DATASET CONTENT:

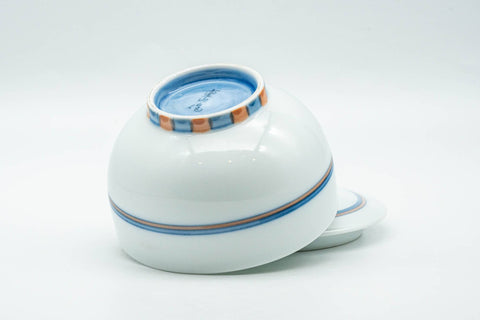 Japanese Teacup - Blue Orange Geometric Patterned Arita-yaki Lidded Yunomi - 140ml - Tezumi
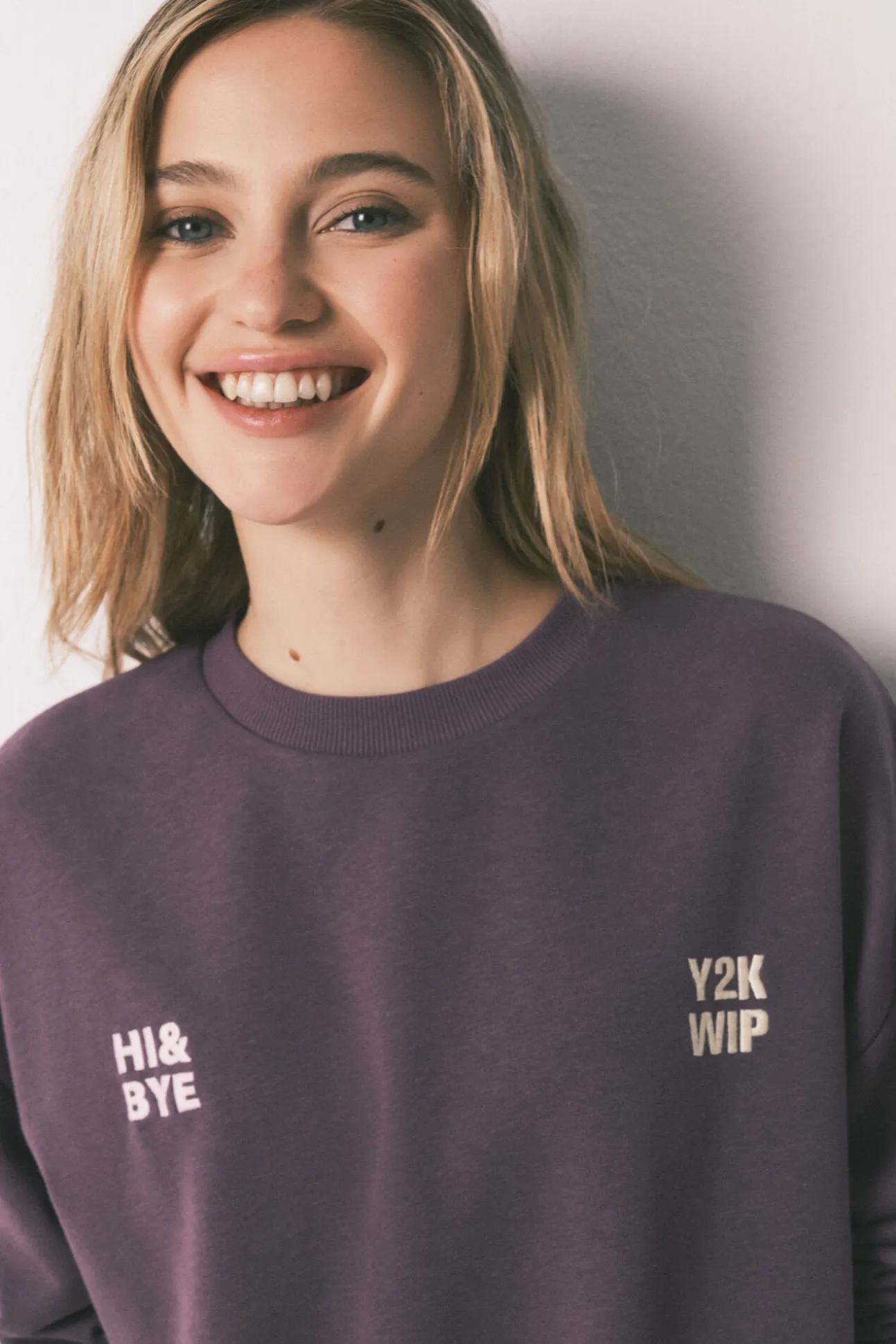Sweatshirt em felpa de algodão roxa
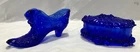 Fenton Cobalt Blue Trinket Vanity Box Container & Shoe Figurine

EXERCISE DIRECTIONS: Please copy the lines above, starting at the one that holds "Sweatshirt em felpa de algodão roxa" and stopping after the last line, exactly as they appear and minus the pictures.

WRITTEN SOLUTION:
Sweatshirt em felpa de algodão roxa
 Fenton Cobalt Blue Trinket Vanity Box Container & Shoe Figurine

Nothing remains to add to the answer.